Dunque Gogol’ era affascinato da Dante e dalla struttura della Commedia, ma non voleva farne né una rivisitazione, né un’attualizzazione...
«Esatto. Non voleva essere una versione russa di Dante. Ma neanche la versione russa di Shakespeare, o di Walter Scott, Goethe, Balzac e via dicendo. Voleva essere semplicemente Gogol’».
E ci è riuscito molto bene... Anche se Le anime morte restò incompiuto. Che cosa frenò lo scrittore? Forse una sorta di senso di colpa nei confronti del suo popolo per averlo descritto a tinte così fosche? Forse il pessimismo che, dietro il sarcasmo e l’ironia, permea le sue pagine?
«Questa è una domanda molto difficile. Gogol’ ha concepito un’opera che doveva riflettere tutta la vita russa e attraverso essa le sorti dell’umanità. In più doveva esercitare un effetto su ogni lettore, a cominciare dallo zar Nicola I per finire con il più umile dei suoi sudditi. E se questo obiettivo non era stato raggiunto (e a parere di Gogol’ dopo la pubblicazione del primo volume non era per niente stato raggiunto...) significava che questa opera non aveva ancora toccato il massimo livello della perfezione artistica».
Si sentiva inadeguato al compito che si era posto?
«Secondo lui il raggiungimento della massima perfezione era legato al processo dell’interna autoeducazione religiosa e morale. In altre parole si condannava a un processo infinito di autoperfezionamento e alle continue ricerche creative».
Professore, lei fra pochi giorni, proprio a Roma, terrà una conferenza dal titolo intrigante: «Che ne è stato del secondo volume delle Anime morte?». Appunto, che ne è stato? Come mai il libro si interrompe bruscamente?
«Esistono diverse supposizioni. Secondo una, Gogol’ avrebbe bruciato per caso il manoscritto già ultimato del secondo volume. Secondo un’altra, l’avrebbe nascosto in un luogo sicuro. La terza versione dice che il manoscritto sarebbe stato nascosto da altre persone, che non erano soddisfatte dalla linea volta a sferzare i vizi avviata nel primo volume».
Una specie di seconda censura, dopo quella istituzionale?
«Comunque sia, il mistero rimane».
Ma lei che idea si è fatto?
«Secondo me la tragedia ha veramente avuto luogo: Gogol’ ha davvero bruciato il resto del secondo volume (sono rimaste parzialmente intatti soltanto quattro capitoli, facenti parte di versioni diverse del manoscritto). E lo ha fatto non casualmente ma volutamente. Dedicherò la mia relazione alla storia e ai motivi di questa tragedia».

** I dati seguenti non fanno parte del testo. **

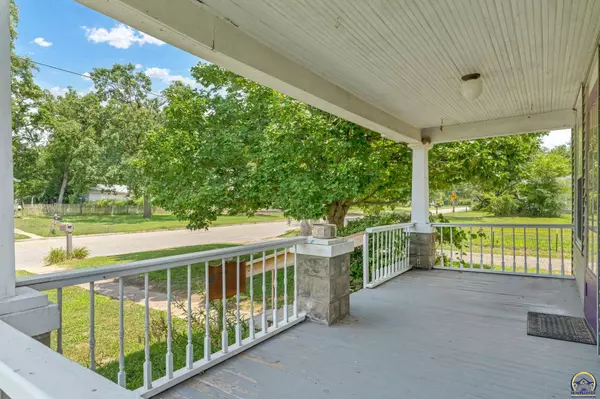 Topeka, KS 66608,401 NE Burgess AVE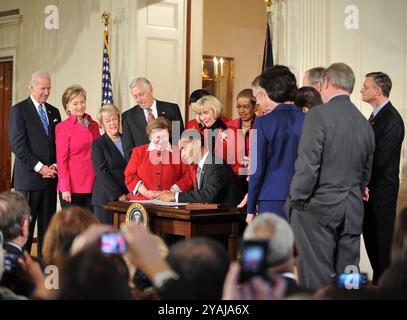 Washington, DC - 29. Januar 2009 -- US-Präsident Barack Obama unterzeichnet den Lilly Ledbetter Fair Pay Restoration Act im East Room des Weißen Hauses in Washington, DC am Donnerstag, den 29. Januar 2009. Das Gesetz "erleichtert es Frauen und anderen, auf Lohndiskriminierung zu klagen, auch wenn die Diskriminierung seit Jahrzehnten vorherrscht". Von links nach rechts sichtbar: Vizepräsident Joseph Biden; Außenministerin Hillary Rodham Clinton; US-Senator Patty Murray (Demokrat von Washington); Mehrheitsführer des US-Repräsentantenhauses Steny Hoyer (Demokrat von Maryland); US-Senator B Stockfoto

Torniamo all’Italia di Gogol’...
«L’influenza dell’Italia fu molto positiva in molti sensi.

Il clima mite che gli ricordava l’Ucraina, la sua patria, “il caldo non riscaldato del Sud” come diceva lui (ma durante i periodi torridi dell’estate si spostava in Francia oppure in Germania), il gran talento artistico del popolo italiano che si esprimeva nella vita quotidiana, per esempio nel decorare le vetrine. E ovviamente i capolavori della pittura e dell’architettura... Gogol’ scriveva: “Ti innamori di Roma lentamente, a poco a poco – ma per sempre e per tutta la vita”».